→ **EXERCISE DETAILS**: In the material below, begin at the line that has "A Pied Kingfisher", stop after the line that has "Толстоклювые кайры на льдине, мыс Птичий", and transcribe those lines exactly, without pictures.

→ **INFORMATION SUPPLIED**:
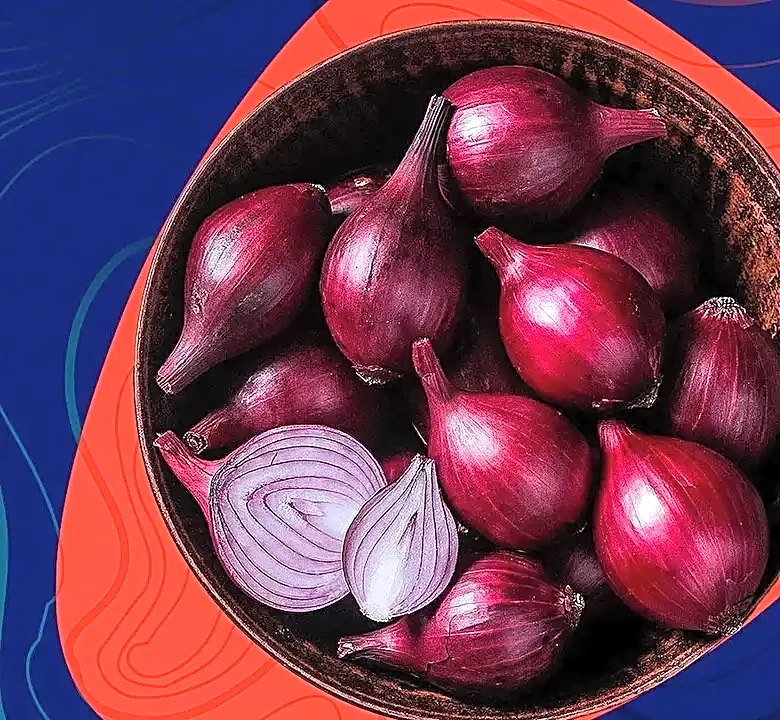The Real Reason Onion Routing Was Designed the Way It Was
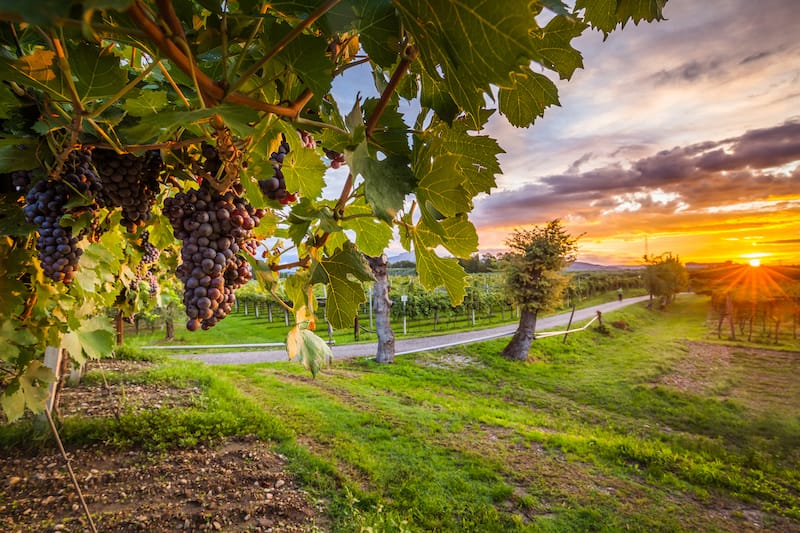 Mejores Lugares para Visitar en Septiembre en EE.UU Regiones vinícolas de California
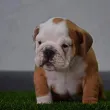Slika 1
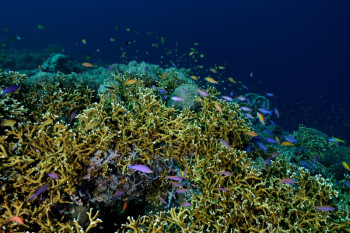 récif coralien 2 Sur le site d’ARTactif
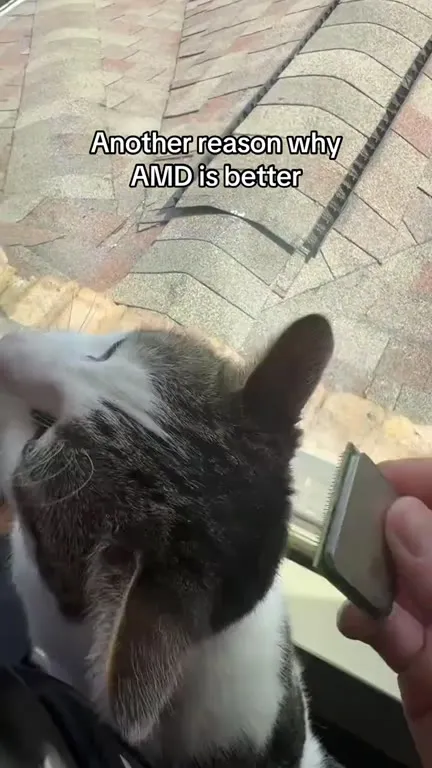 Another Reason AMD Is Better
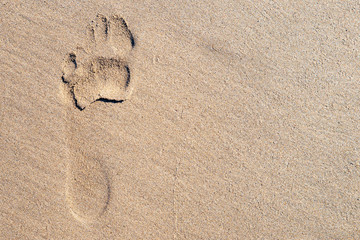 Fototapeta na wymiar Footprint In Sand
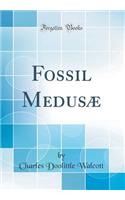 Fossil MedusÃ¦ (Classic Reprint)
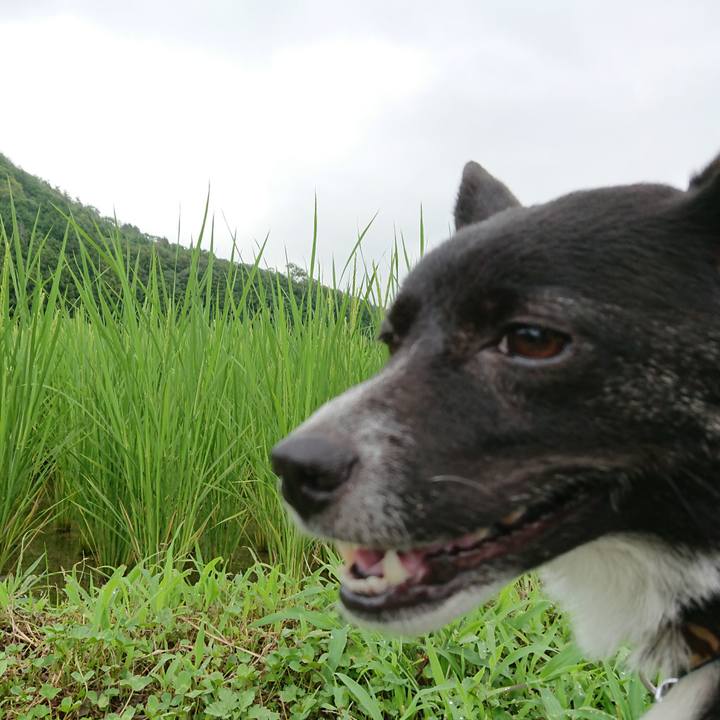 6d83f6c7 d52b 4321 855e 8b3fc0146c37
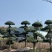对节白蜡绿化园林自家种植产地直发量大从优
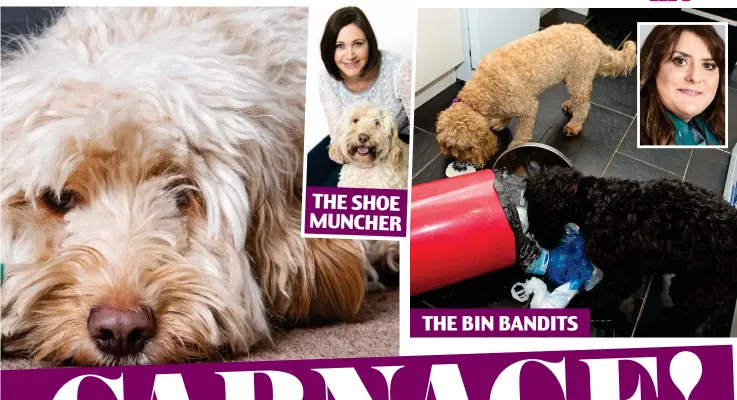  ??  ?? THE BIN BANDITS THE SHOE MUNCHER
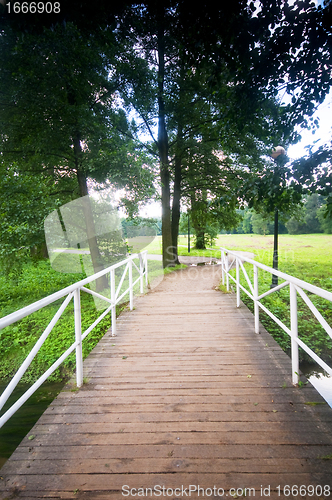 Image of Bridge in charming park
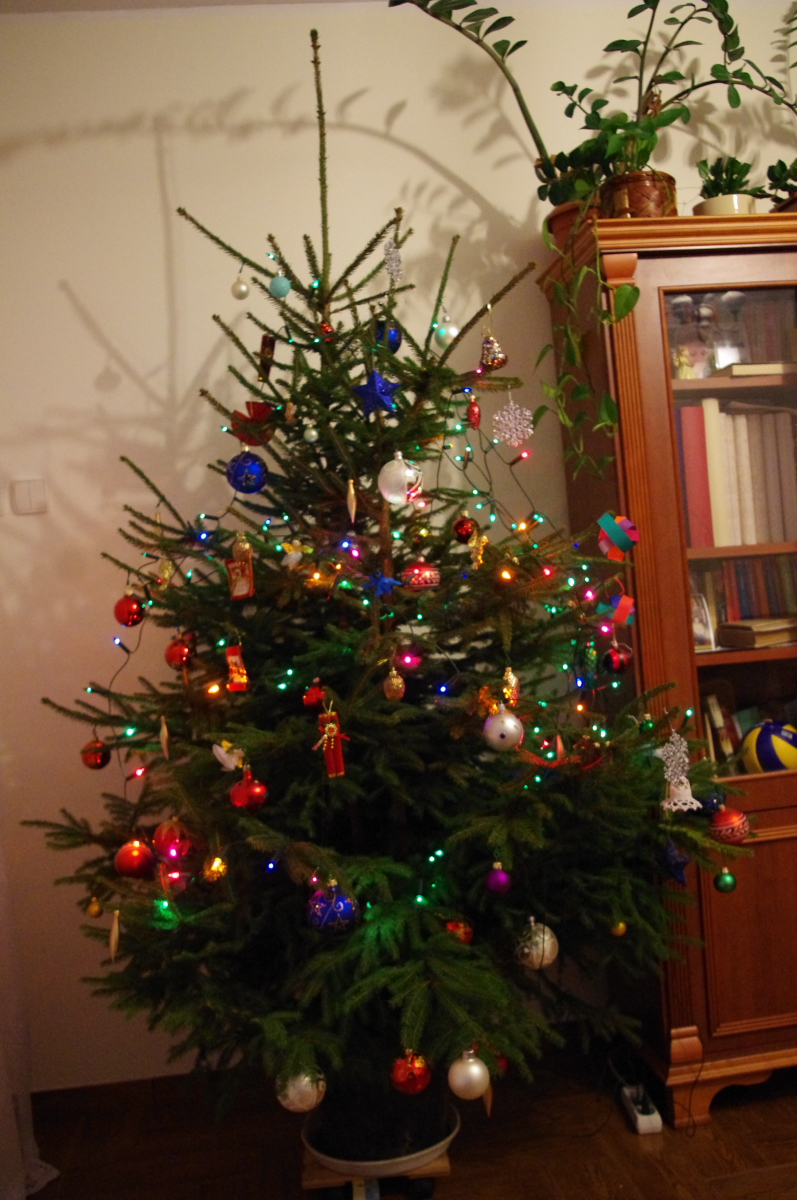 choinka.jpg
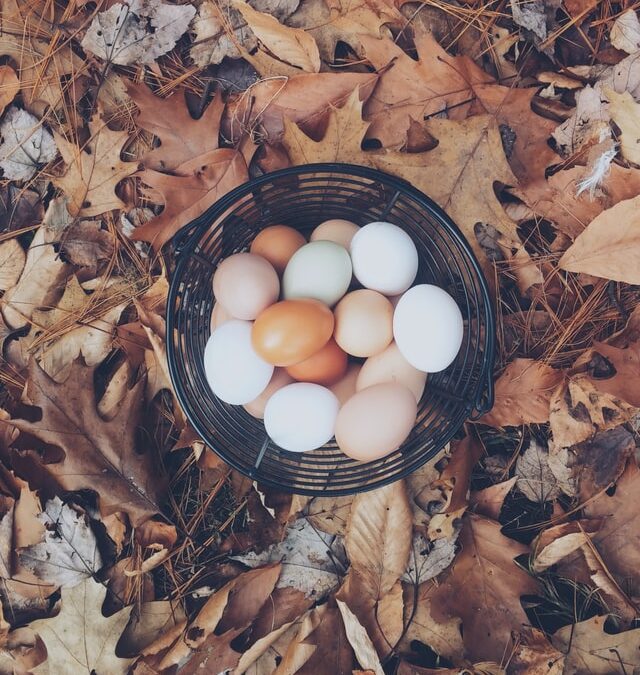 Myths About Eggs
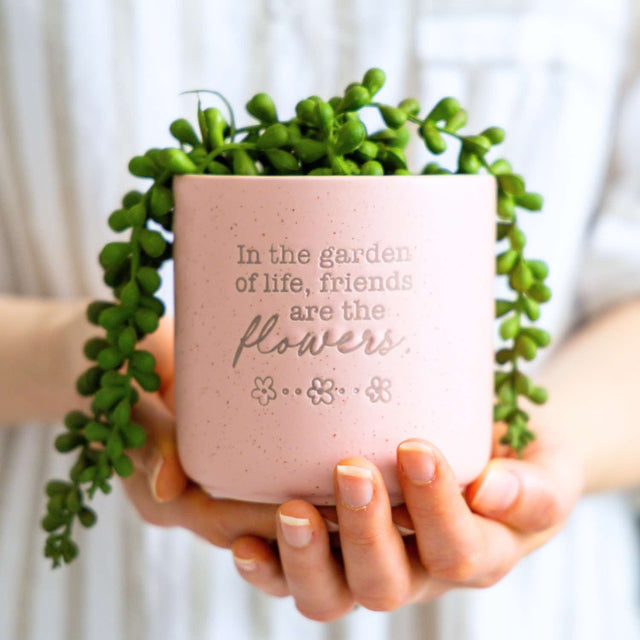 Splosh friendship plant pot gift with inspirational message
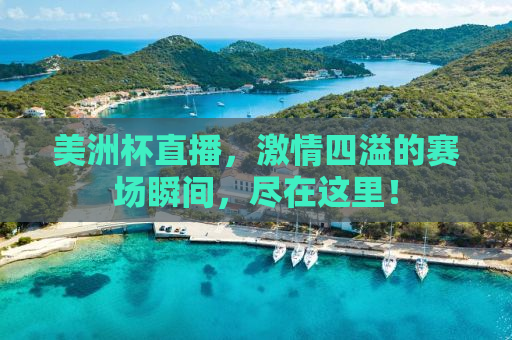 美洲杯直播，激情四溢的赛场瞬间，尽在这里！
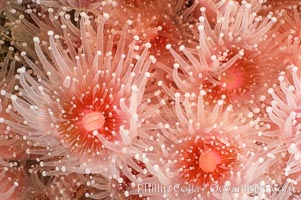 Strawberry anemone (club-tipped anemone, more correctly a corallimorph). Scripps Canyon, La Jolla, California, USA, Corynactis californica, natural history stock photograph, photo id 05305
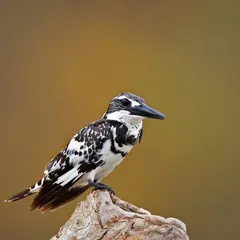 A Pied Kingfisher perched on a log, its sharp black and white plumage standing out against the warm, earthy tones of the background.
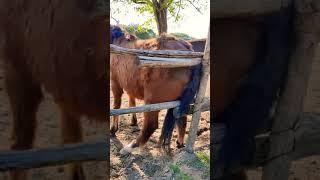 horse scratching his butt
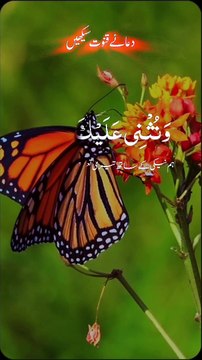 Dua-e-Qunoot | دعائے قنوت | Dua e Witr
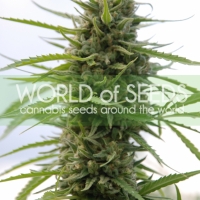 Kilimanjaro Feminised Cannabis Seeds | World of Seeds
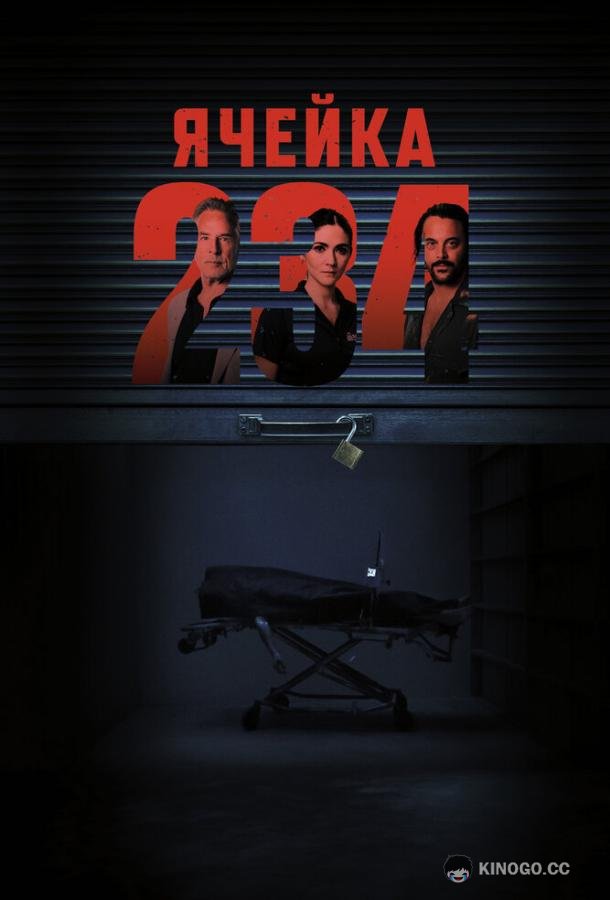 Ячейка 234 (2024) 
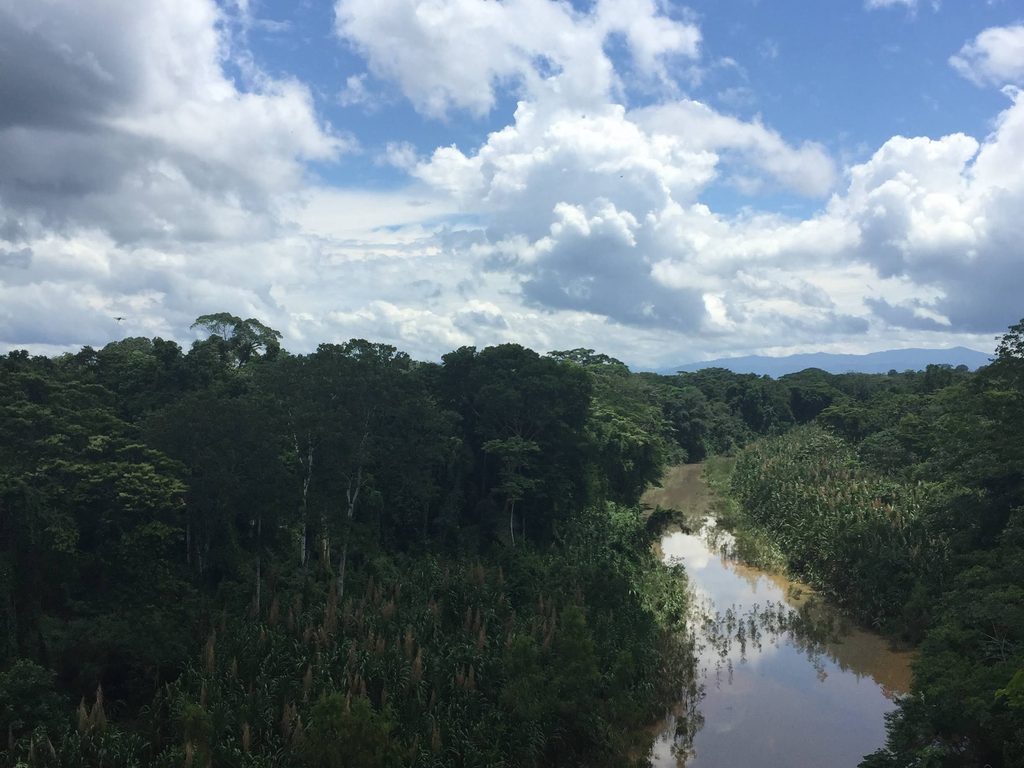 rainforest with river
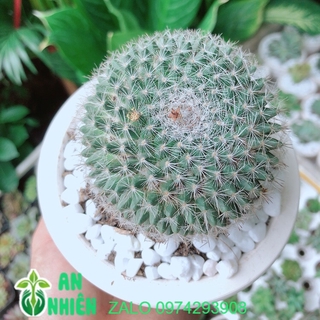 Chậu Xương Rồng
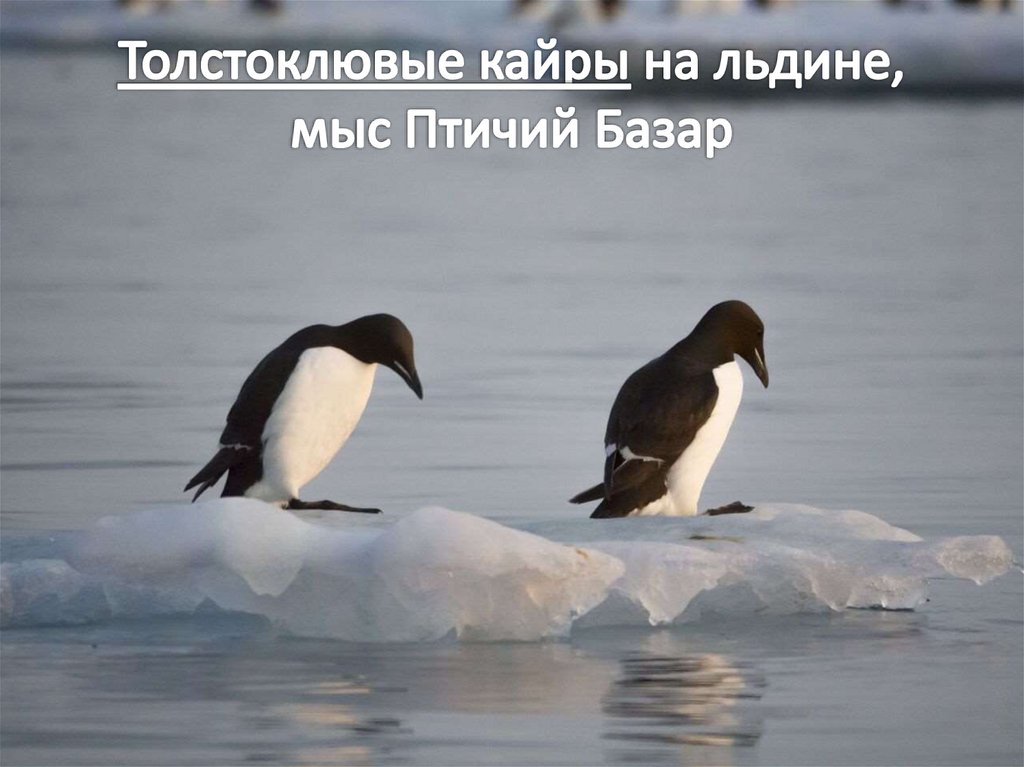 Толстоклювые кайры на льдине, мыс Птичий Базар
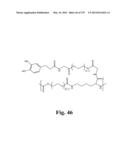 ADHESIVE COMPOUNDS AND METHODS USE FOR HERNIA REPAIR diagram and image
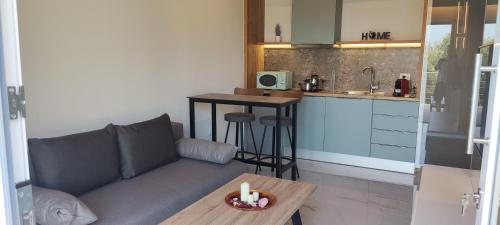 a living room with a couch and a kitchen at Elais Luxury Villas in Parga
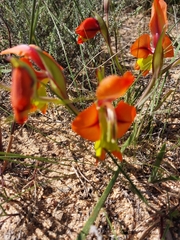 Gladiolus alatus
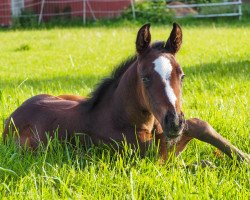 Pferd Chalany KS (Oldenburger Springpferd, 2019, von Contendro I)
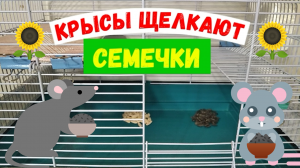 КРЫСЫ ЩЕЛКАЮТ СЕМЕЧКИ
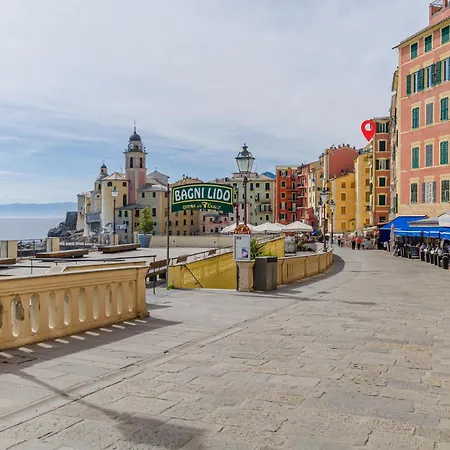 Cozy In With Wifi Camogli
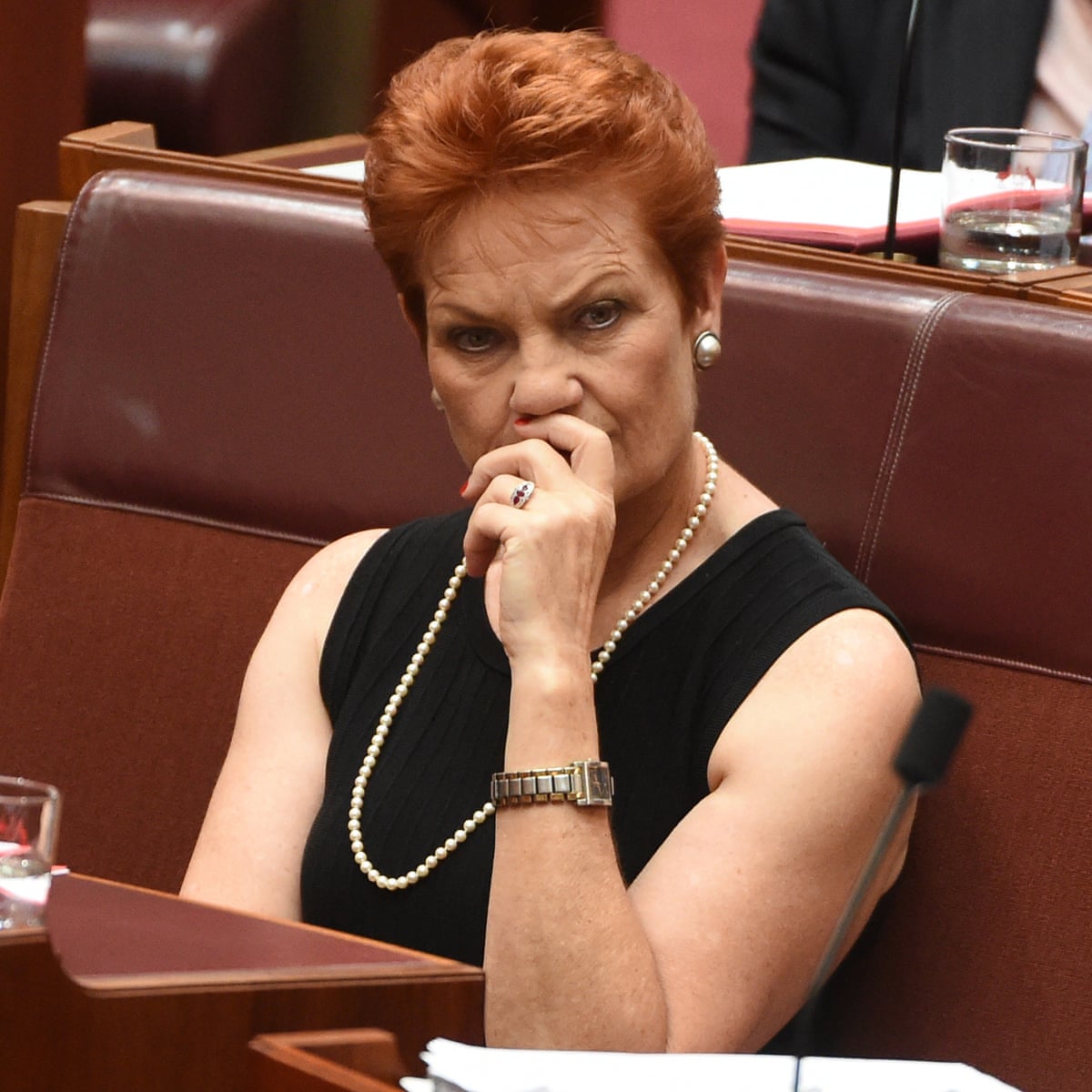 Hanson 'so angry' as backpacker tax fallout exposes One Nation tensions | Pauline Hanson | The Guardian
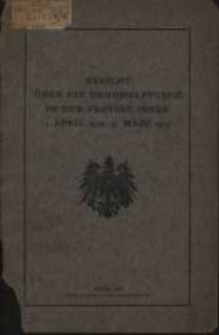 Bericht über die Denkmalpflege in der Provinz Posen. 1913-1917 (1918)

→ **RESULT**:
 A Pied Kingfisher perched on a log, its sharp black and white plumage standing out against the warm, earthy tones of the background.
 horse scratching his butt
 Dua-e-Qunoot | دعائے قنوت | Dua e Witr
 Kilimanjaro Feminised Cannabis Seeds | World of Seeds
 Ячейка 234 (2024) 
 rainforest with river
 Chậu Xương Rồng
 Толстоклювые кайры на льдине, мыс Птичий Базар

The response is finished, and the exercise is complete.